Além de defender a atuação dos militares durante o episódio e negar que a repressão à Guerrilha deva ser encarada como perseguição política, Henrique Araújo alegou falta de provas para concessão da indenização do Estado.
Foco de guerrilha
Especialistas que atuam na defesa dos direitos humanos argumentam, no entanto, que a produção de provas sobre o episódio é muito difícil porque muitas das prisões foram feitas ilegalmente e porque os militares não teriam deixado registros sobre as torturas e assassinatos praticados contra camponeses.
Durante a votação, o general Luis Eduardo Rocha Paiva, que é membro da Comissão, chegou a negar a existência da Guerrilha do Araguaia e disse que o governo acertou ao reprimir o que classificou como “foco” de guerrilha. Segundo ele, “foco de guerrilha tem que ser eliminado na raiz”.
Para a advogada de um grupo de camponeses que pleiteava indenização, Irene Gomes, a decisão da comissão cria um “caos histórico”.

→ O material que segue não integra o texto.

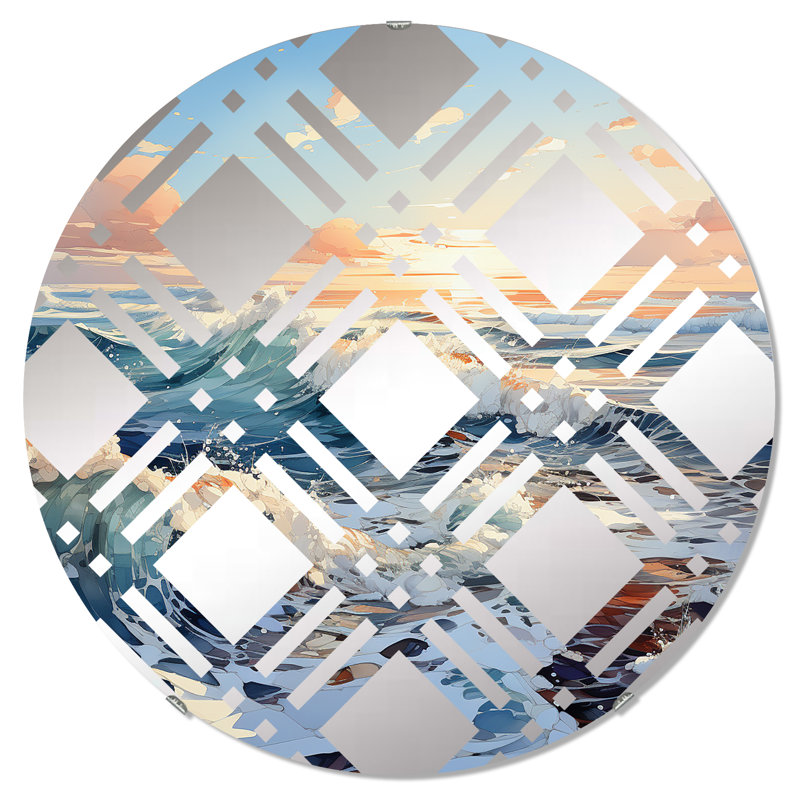 Océan Winter Scenery I - Miroir décoratif à carreaux | Rond, 31,4 po x 31,4 po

“Essa decisão cria um caos histórico. Há centenas de pessoas que foram afetadas pelas ações dos militares na região e que não tiveram e não terão seus direitos reconhecidos. Os camponeses são tão simples que, muitos, não entendem o impacto disso para a história. Mas é uma situação triste”, afirmou a advogada.
Livro de Ustra
A decisão da comissão de rejeitar os pedidos de anistia dos camponeses do Araguaia acontece dez meses após a ministra da Mulher, Família e Direitos Humanos, Damares Alves, mudar a configuração da comissão, órgão que ficou sob a responsabilidade do seu ministério.
Desde que assumiu o ministério, Damares promoveu uma mudança no regimento da Comissão, aumentando de 20 para 27 o número de conselheiros.
Na nova configuração, veio o general Luiz Eduardo Rocha, um dos principais opositores aos trabalhos da CNV e que, frequentemente, leva às sessões um exemplar do livro A verdade sufocada, do coronel do Exército Carlos Alberto Brilhante Ustra, o facínora que comandou o DOI-Codi paulista.
Além dele estão dois ex-assessores do vice-presidente Hamilton Mourão e um policial militar.
Damares tem prometido um “pente fino” nos pedidos e disse que iria abrir o que classificou como “caixa preta” da Comissão de Anistia, insinuando que a existência de irregularidades no funcionamento do órgão.